L'oeuvre de Mireille Loup, Chacun de mes visages est présentée par l’artiste comme « une recherche autobiographique constituée par des portraits, mis en scène ou non, et des autoportraits. Il est question d'une recherche critique de son identité à travers la photographie et ses différents genres. [1] » Cet ensemble de portraits pose les bases d'une recherche exploratoire où l'artiste s'interroge et se met en question. [1] Mireille Loup, non publié 

 

Marcel Broodthaers déclare : « … Je crois que le fondement de la création repose sur un fond narcissique. [2] » [2] Marcel Broodthaers, extrait d'une interview avec Freddy de Vree, Dusseldorf, 1971, in Marcel Broodthaers-Cinéma, catalogue d'exposition, Barcelone, Fundació Antoni Tàpies, 1997, p. 127.

L'autoportrait serait donc une illustration exemplaire de ce narcissisme. Mais il convient d'abord de préciser que, dans le mythe de Narcisse, Narcisse ne tombe pas amoureux de lui-même, mais de son image. Or, l'image, c'est soi-même médiatisé, et toute médiatisation est une altération, elle nous rend autre.

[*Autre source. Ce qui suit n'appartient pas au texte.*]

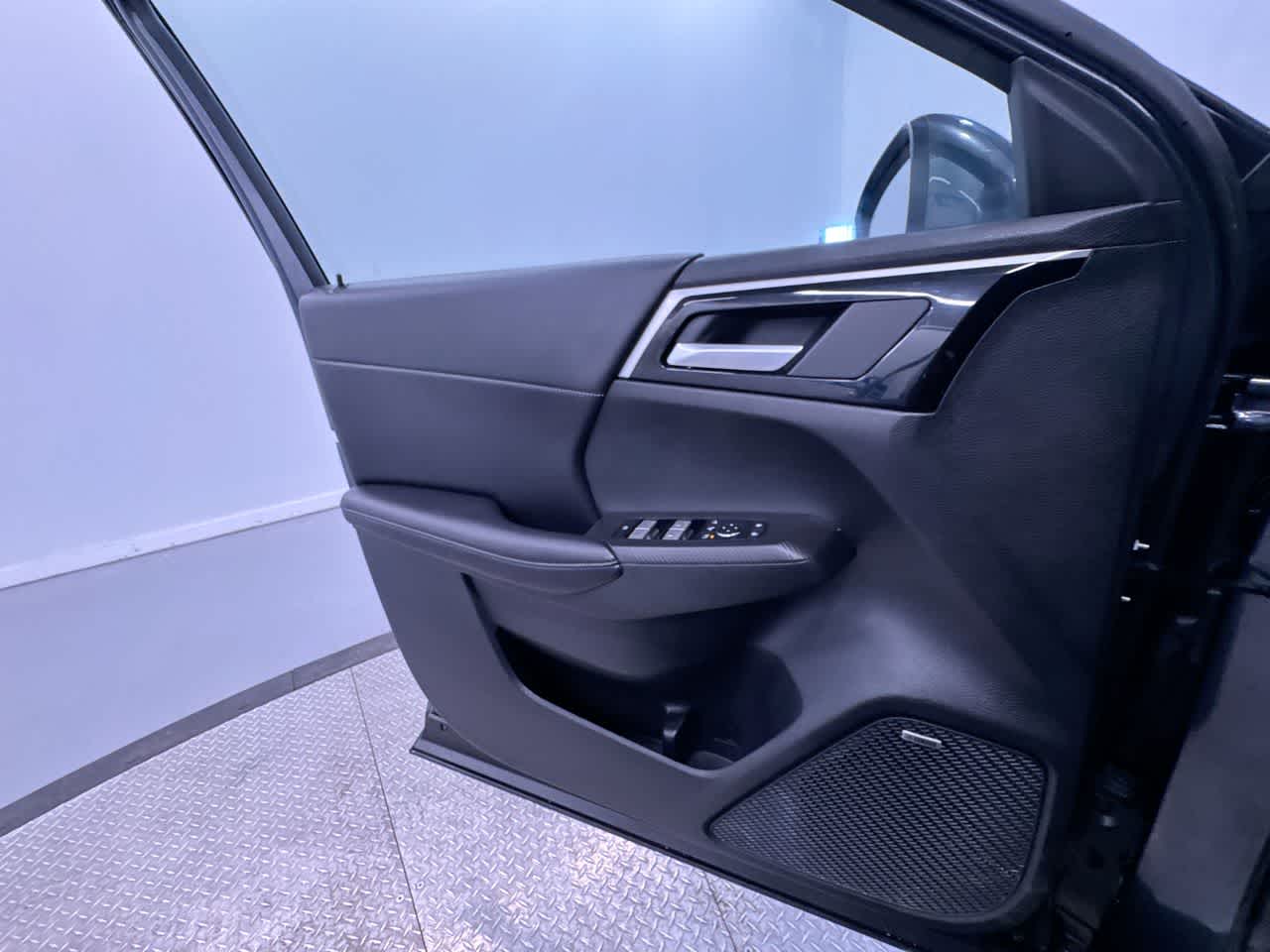 used 2025 Mitsubishi Outlander car, priced at $27,010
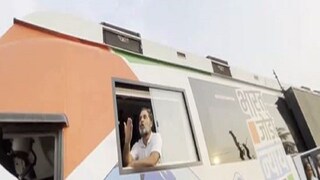 বাইরে তখন বিজেপি কর্মীদের স্লোগান, বাসের জানলার ধারে রাহুল গান্ধি৷ ছবি- রাহুল গান্ধির এক্স হ্যান্ডেল থেকে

Si on se réfère à la fameuse analyse du « stade du miroir » que fait Lacan, on admet que le jeune enfant prend conscience de lui-même à travers son reflet. Cette prise de conscience lui permet de s'identifier, de se singulariser dans un ensemble qu'il ne percevait jusqu'alors que comme une extension de lui-même. Mais si cette identification peut avoir lieu, c'est parce que le reflet l'objective. Il lui permet de se voir lui-même comme les autres le voient. En prenant conscience de son identité, il prend en même temps conscience de ce que cette identité suppose comme altérité.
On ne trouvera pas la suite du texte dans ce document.